Ohio State athletic director Gene Smith, part of the NCAA’s committee charged to recommend a response to SB 206, said that a school like Ohio State will simply not schedule California schools anymore.

“They won’t be members of the NCAA,” he said.

But that’s the least likely of all things that’ll happen with SB 206. The Pac-12 won’t implode. Over the next two or three years, the presidents and chancellors of America’s leading athletic institutions will surely move into the 21st century and give student-athletes unprecedented economic rights.

The regulation of those economic rights will be the tricky part.

“I like the overall spirit of the college model,” says Heeke, and so do I.

Here’s why: A few years ago, Arizona distance runner Lawi Lalang won eight NCAA championships and, in my opinion, was the most accomplished UA athlete of the last decade. In the summer before his senior year, 2013-14, Lalang could’ve pocketed thousands of dollars in appearance fees in Europe and at places like the Prefontaine Classic in Oregon.

I asked UA track coach Fred Harvey if he feared Lalang would take the money and bypass his senior year. Harvey shook his head, no.

“He would have to start paying for coaching,” said Harvey. ”He would no longer have free access to the medical treatment and the medical insurance he gets for free at Arizona.
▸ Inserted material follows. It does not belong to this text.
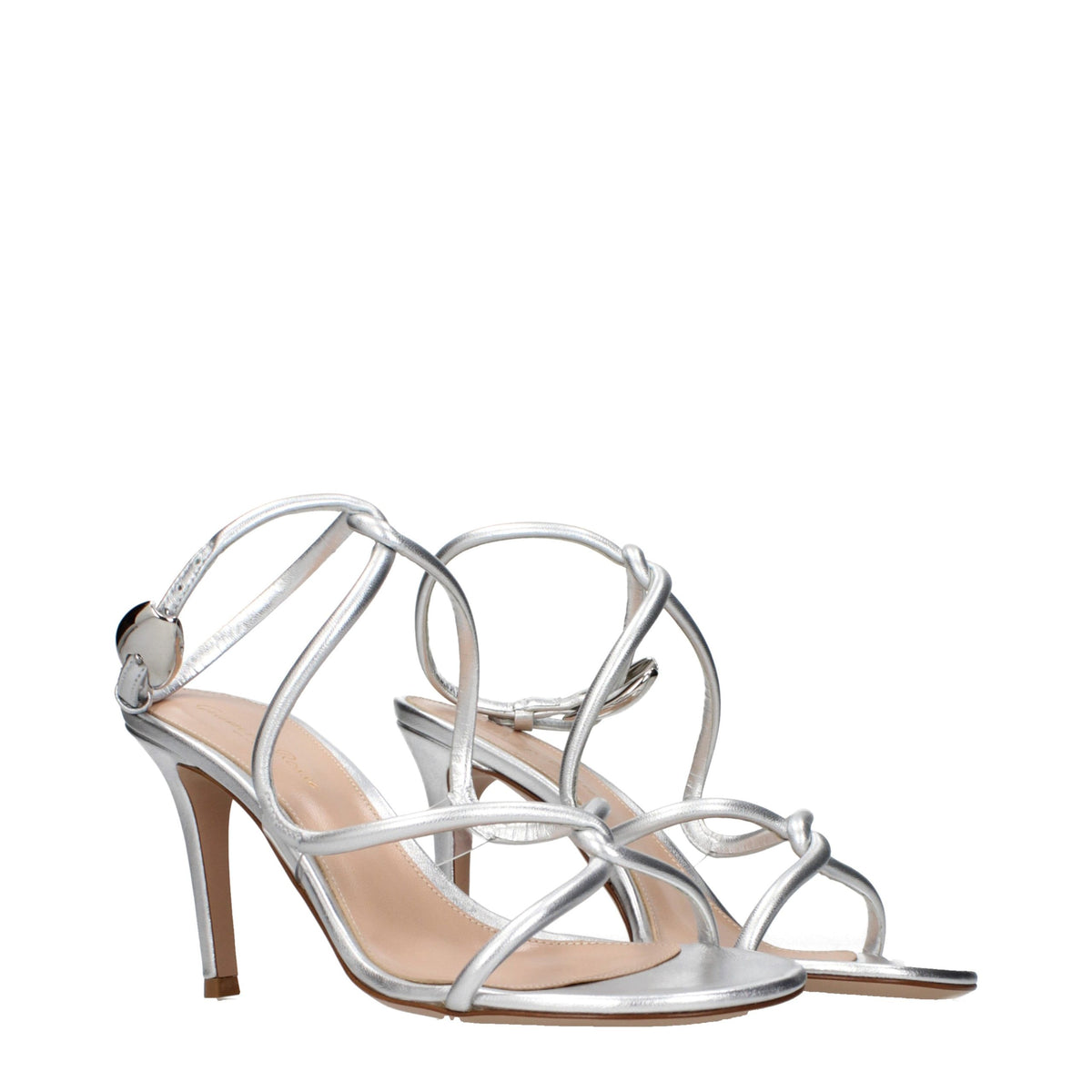 Gianvito Rossi Gray Leather Stiletto Heel Women's Sandals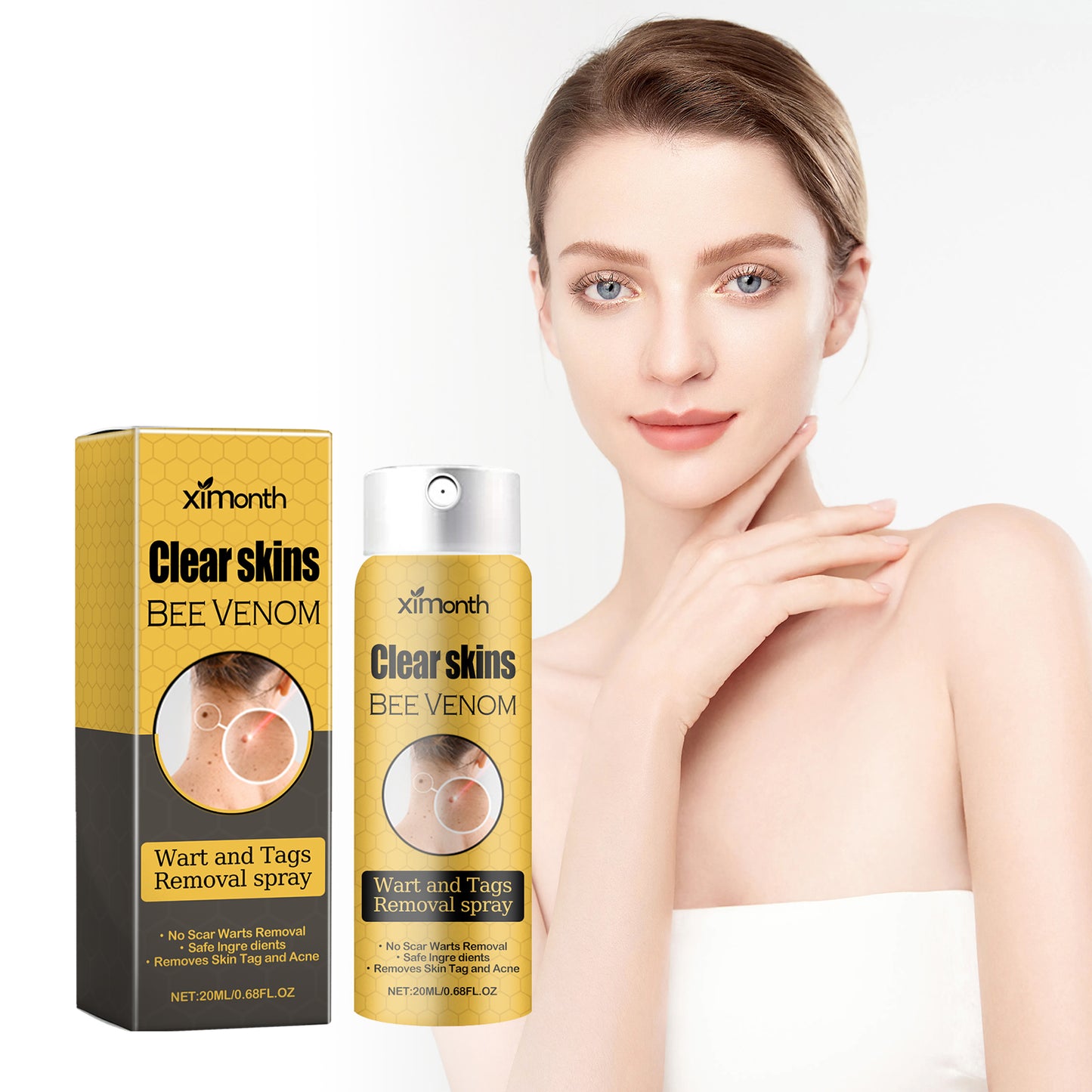 Ximonth Wart And Tags Removal Spray, Cleanse And Fade Body Moles Smooth Skin Repair Spray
He has free access to strength coaches at McKale Center and, of course, he doesn’t pay a dime for his education.”

According to the UA’s online financial figures, an out-of-state student like Lawi Lalang gets full cost of attendance valued at $55,000 per year — $36,000 for out-of-state tuition, $13,000 for room and board, and $6,000 in various miscellaneous expenses.

What’s more, the UA employs 15 full-time academic counselors for athletes and has four full-time mental health counselors and psychiatrists. You want a free breakfast or lunch? That’s why the Bear Down Kitchen in the Lowell-Stevens football facility was created.

But there’s more. Lalang told me that one reason he remained at Arizona for all four years went beyond money and NCAA championships.

“(Assistant coach) James Li is more than a coach,” he said. “He mentored me and treated me like a son. Every tough decision I made, in academics and athletics, was influenced by him. When it comes to growing up, he has treated me like a man.”

That’s why I like the amateur model. College sports are about much more than winning the national title at 10,000 meters or getting to the Final Four and using that platform to become a first-round draft pick.

In the era of one-and-done ballplayers in Tucson, it’s easy to forget the value of an education.

The men and women who operate the NCAA, the conference commissioners and those like Heeke and his Pac-12 peers have two or three years to reconfigure the course of college athletics.

The elite athletes at Arizona and elsewhere will inevitably be compensated beyond the cost of attendance. As Bob Dylan sang “how many years can a mountain exist before it’s washed to the sea?”

The NCAA amateurism model is about to go under water.